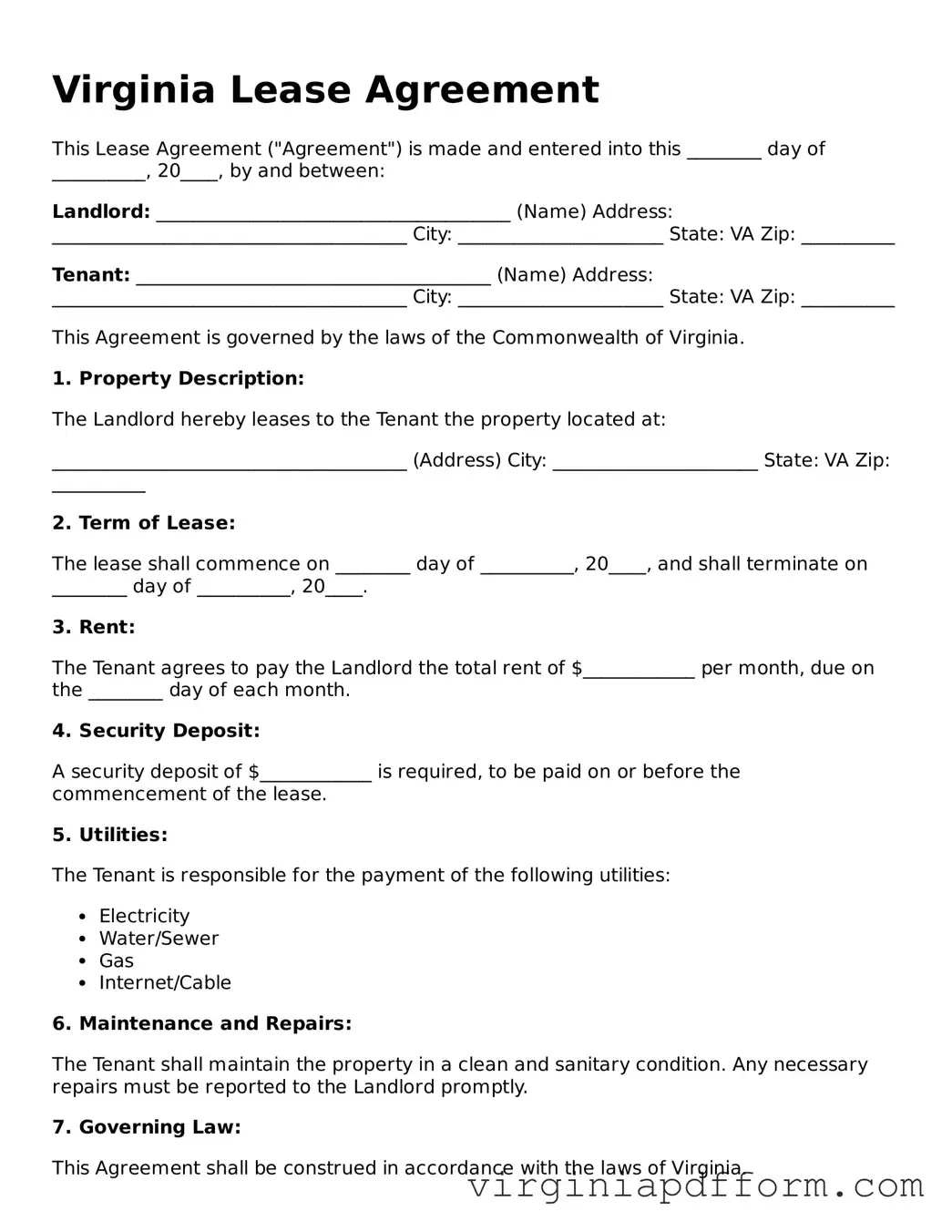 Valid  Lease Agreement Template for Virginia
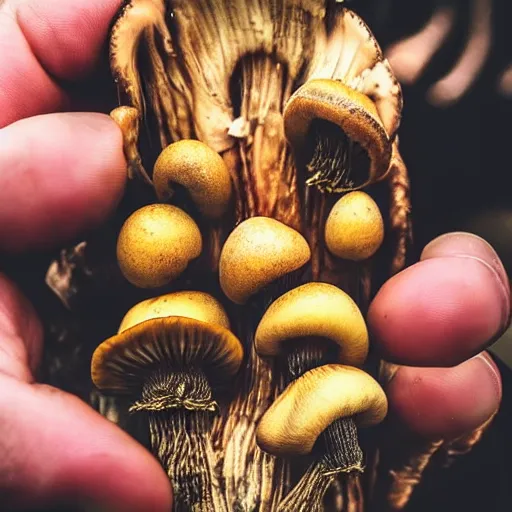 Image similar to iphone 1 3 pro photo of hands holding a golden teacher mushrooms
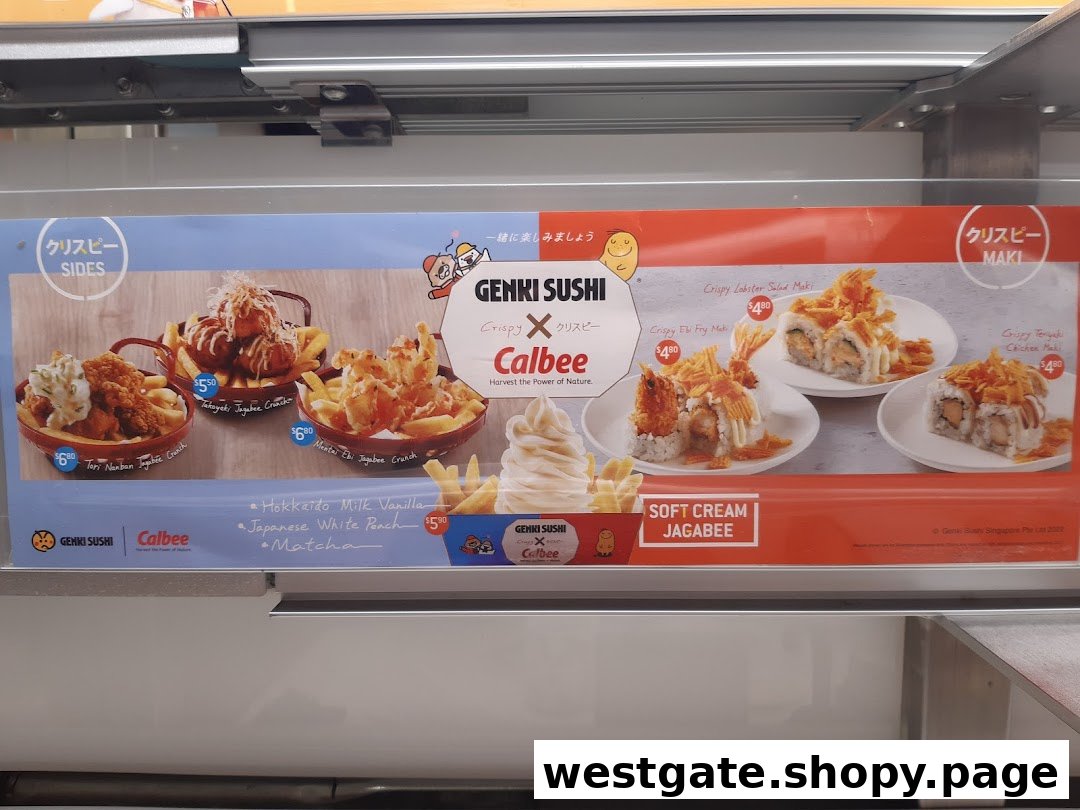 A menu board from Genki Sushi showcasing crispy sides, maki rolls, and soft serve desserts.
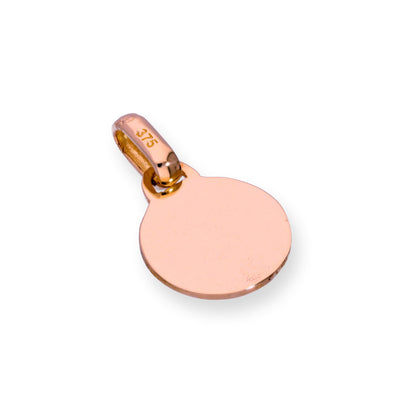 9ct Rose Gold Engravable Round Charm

=======

### WORK TASK
All of the listing above has to be reproduced exactly, though without its images.

### OUTPUT OF THE TASK
 Valid  Lease Agreement Template for Virginia
 Image similar to iphone 1 3 pro photo of hands holding a golden teacher mushrooms
 A menu board from Genki Sushi showcasing crispy sides, maki rolls, and soft serve desserts.
 9ct Rose Gold Engravable Round Charm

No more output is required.